Why doesn’t this work (for me anyhow)? The answer: it’s too obvious that she’s describing people. It feels to me as if Kristine (that’s the woman’s name) and Reinhardt are messing with their hair for no other reason than to give Fossum an excuse to remark on it – and in Kristine’s case to tell us just about everything else she can think of about her appearance. Making it worse, this occurs in what feels like an interminable passage in which our two protagonists do almost nothing but stand by a lake while we hear all about their troubled marriage, Reinhardt’s domineering and childish personality, Kristine’s lack of self-confidence – when all we really want is the body that we know is waiting for us out there somewhere! Sorry if this sounds callous, but this is crime fiction after all.

I think that the only time that a writer can normally get away with extended descriptive writing is at the beginning of a scene, when we have not yet focused in on specific people, specific perspectives, but are peering at the scene as a whole, watching it come into view. I’d compare this to the kind of sequence you get at the start of some movies, where the camera pans around the setting for a while, before dropping down into the story itself.

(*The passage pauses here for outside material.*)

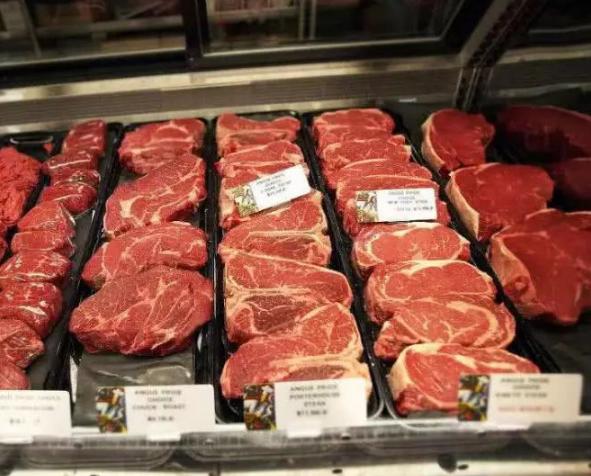 人工合成的五种肉千万别多吃了,哪四种肉是人工合成的肉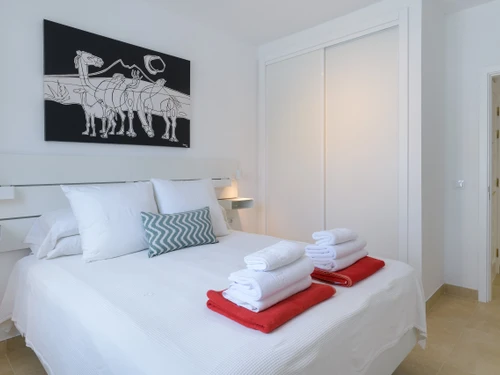 Apartment Puerto del Carmen, 2 bedrooms, 4 persons - photo_1011866121352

Once we enter the characters’ world, descriptive writing only feels natural if there’s a reason – a convincing reason – for one of the characters to notice the attribute being remarked on.

For example if characters Smith and Jones have never met before, it’s quite believable that they might notice something striking about one another’s appearance. A third character, MacDonald, who accompanies Smith but doesn’t join in the conversation might conceivably notice even more: this does tend to be the case when we are observing rather than participating. But if Smith and Jones are alone, know each other well and nothing in particular is happening – and yet the novelist starts describing one or the other of them in detail, the information feels incongruous. Who is noticing these details? You might get away with it in the kind of story where there is an intentionally intrusive narrator, but if the storytelling style is naturalistic then this kind of descriptive ‘anomaly’ will quickly undermine its authenticity.